Indeed. Sense Amplifiers are the "part" of DRAM which act like SRAM. Sense Amplifiers do NOT lose data when they are read from. They do NOT need to be refreshed. Etc. etc. Sense Amplifiers are effectively, the "tiny" SRAM inside of DRAM arrays that makes everything work.

The very point of "DRAM" is to make most of your RAM be these cheap capacitors. So the only solution is to read and write data to the sense amplifiers, as per the protocol.


I'm not an expert in the field but I was under the impression that SRAM worked completely differently, using a bi-stable transistor circuit and no capacitor, something like that: https://upload.wikimedia.org/wikipedia/commons/a/a5/Transist...

Such a circuit is stable and doesn't need any refresh or amplification.

Was I mistaken?


No, I was using "amplifier" in a slightly more general sense to mean "a circuit that uses power to turn a weakly driven signal into a strongly driven signal." You are absolutely correct that a SRAM cell would drive a near zero signal closer to zero and that this behavior differs from a linear amplifier which would drive a near zero signal further away from zero.

Here was my conundrum: a more general term like "active circuit" risked leaving people behind while a more specific term like "buffer" or "driver" didn't highlight the analogy between SRAM and DRAM. I chose "amplifier" as a compromise, hoping that people who were familiar enough to worry about bistability would be comfortable with the generalized definition while people who barely hanging on would miss that detail entirely but still get my point. Sounds like I caught you in the middle. Sorry for the confusion.


Technically yes, since the gate (control input) of a field effect transistor is functionally a capacitor, with the source-drain connection acting as a very crude sense amplifier. (You can actually observe this with some discrete MOSFETs, by attaching them to a breadboard in series with a LED and tapping the gate line against VCC or ground to turn them on or off.)


> Why is it impossible to parallelize this?

One of the mentioned articles touches on this: http://utaharch.blogspot.com/2013/11/a-dram-refresh-tutorial...

> Upon receiving a refresh command, the DRAM chips enter a refresh mode that has been carefully designed to perform the maximum amount of cell refresh in as little time as possible. During this time, the current carrying capabilities of the power delivery network and the charge pumps are stretched to the limit.

I guess: it's actually hard to deliver power to refresh all the bits at once? Also note that ancient cpus like Z80 had the memory refresh machinery built into CPU as opposed to memory https://en.wikipedia.org/wiki/Memory_refresh

> What's the cause of the 3200ns+ readings?

No idea. Random noise? Timing interrupt? Some peripheral doing DMA transfer? Kernel context switch? System Management Mode?

https://en.wikipedia.org/wiki/System_Management_Mode

Feel encouraged to run the code and try to debug it!

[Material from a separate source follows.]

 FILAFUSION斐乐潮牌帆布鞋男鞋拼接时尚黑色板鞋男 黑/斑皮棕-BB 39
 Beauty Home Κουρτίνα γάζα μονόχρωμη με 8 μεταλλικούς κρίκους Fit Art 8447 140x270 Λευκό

> I guess: it's actually hard to deliver power to refresh all the bits at once?

You can't refresh all the bits at once.

You only have something like 256kB worth of sense amplifiers across 2GB of RAM (Guesstimates from my memory: but the point is that you have much much FEWER sense-amplifiers than actual RAM). You need a sense amplifier to read RAM safely.

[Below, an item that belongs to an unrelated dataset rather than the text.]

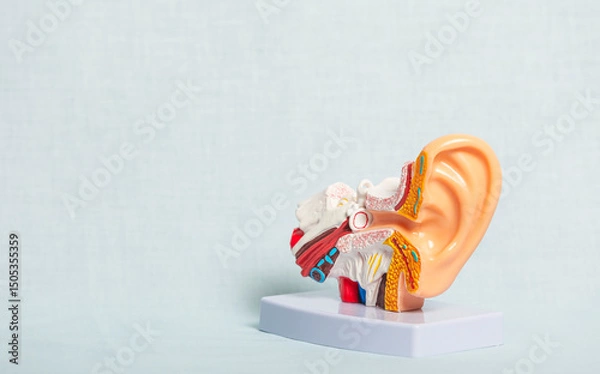 Fototapeta Anatomical model of human ear showing inner ear structure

Each time you read from DRAM, it destroys the data. Only a sense amplifier can read data safely, store it for a bit, and then write it back. Since you only have 256kB of sense amplifiers, you have to refresh the data in chunks of 256kB at a time.

Not all sense amplifiers are "gang'ed up" together: they're actually broken up into 16-banks of sense amplifiers. But for whatever reason, modern DDR4 spec seems to ask all sense amplifiers to refresh together in a single command. In any case, you can at best, get 16x the parallelism (theoretically: since the spec doesn't allow for this) by imagining a "bank-specific refresh command".

That's a lot of complexity though, and I'm not even sure if you really gain anything from it. Its probably best to just refresh all 16-banks at the same time.


> modern DDR4 spec seems to ask all sense amplifiers to refresh together in a single command

Per bank auto-refresh could be exploited with elaborate memory controller algorithm trying to always prioritize refreshing unused/least used banks, except it was broken by design and you couldnt control which bank to refresh. Nobody even bothered implementing per row refresh counters to skip freshly read rows. Rowhammer is a real shitshow exposing sloppy memory engineering in the industry.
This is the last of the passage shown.